But after the Confederation of the Provinces, and upon the Dominion of Canada obtaining by purchase from the Honorable Hudson's Bay Company, through the British Government, the transfer in 1870 of all the territory between the Height of land above mentioned and the Rocky Mountains, and extending from the United States boundary to the Arctic Ocean, a somewhat more comprehensive policy was adopted in dealing with the Indians of said territory than obtained under Old Canada. In regard to all such portions of the transferred country as were required for settlement, or for mining, lumbering or transportation purposes, treaties were made. Though the sovereign right of the soil was still held to be in the Crown, yet it was recognized that there was an Indian title that ought to be extinguished before the lands were patented to the settlers. This title is, of course, simply an admission that the Indians should not be deprived of their occupation rights without compensation and their formal consent. In Upper Canada, except in the case of the Robinson and McDougall Treaties, the surrender had been taken for certain lands to which the Indians laid a special claim; but in the later Treaties and in those of the North-West, the Indian title was extinguished over the whole area of country to be utilized by incoming settlers, out of which, of course, the Indians were allowed extensive reserves at places generally selected by themselves. Not only were the Indians thus dealt with, but the Half-breeds in Manitoba and the North-West Territories, on account of their possessing Indian blood, have been allowed lands and scrip to extinguish the share of title which comes to them through that blood, over the areas included in the Indian treaties.

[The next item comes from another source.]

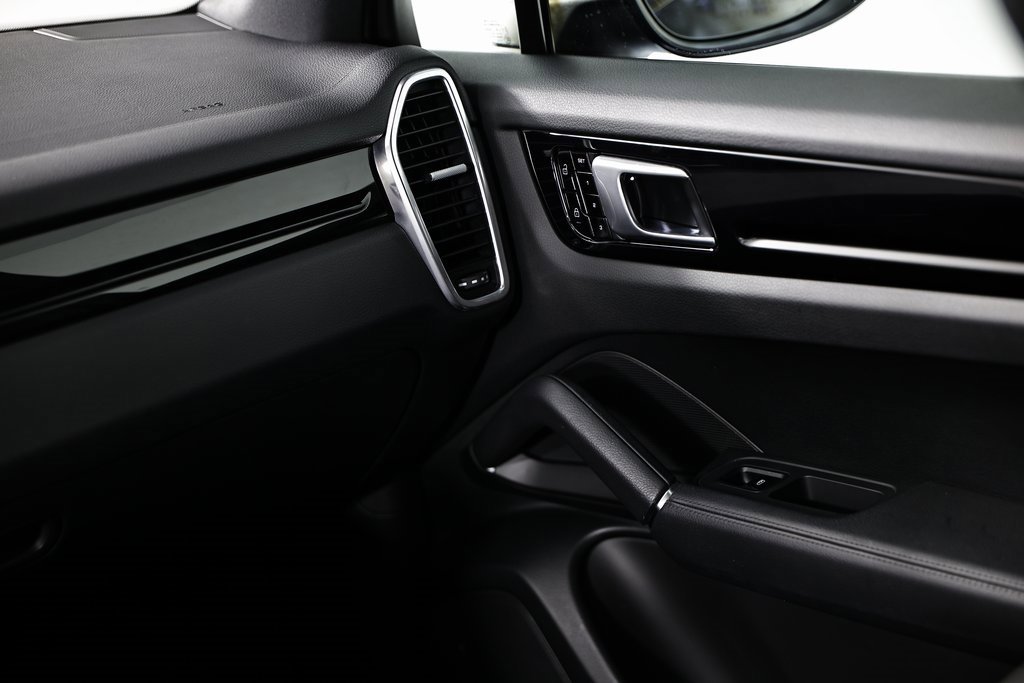 Certified 2020 Porsche Cayenne image 27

It should be remarked here that the Government of Canada permits no - one to deal with the Indians respecting land sales except persons duly authorized by it for the purpose. All sales or surrenders of land by Indians to others than the crown are invalid.
Before Canada, however, came into possession of the Hudson's Bay Company's territories, the principle of extinguishing the Indian title was partially acknowledged in the Red River country. The Earl of Selkirk, who had purchased in 1811 from the said company a tract of land which included the greater portion of the present Province of Manitoba, in 1817 made a treat with the Saulteaux and Crees of the Red River, granting and conferring a strip of land from two to six miles on each side of said river, from lake Winnipeg to the Great Forks at the mouth of Red Lake River, to King George the III. This grant to his Majesty was not, however, made good, owing to some weakness of the part of the Indians concerned or of King George and his successors, the Red River and its bordering lands south of Pembina some seventy-five miles to Grand Forks belong now to the United States. At any rate as the compensation given in the Selkirk Treaty was small and its terms somewhat vague, it was ignored when the north Red River country became a part of Canada.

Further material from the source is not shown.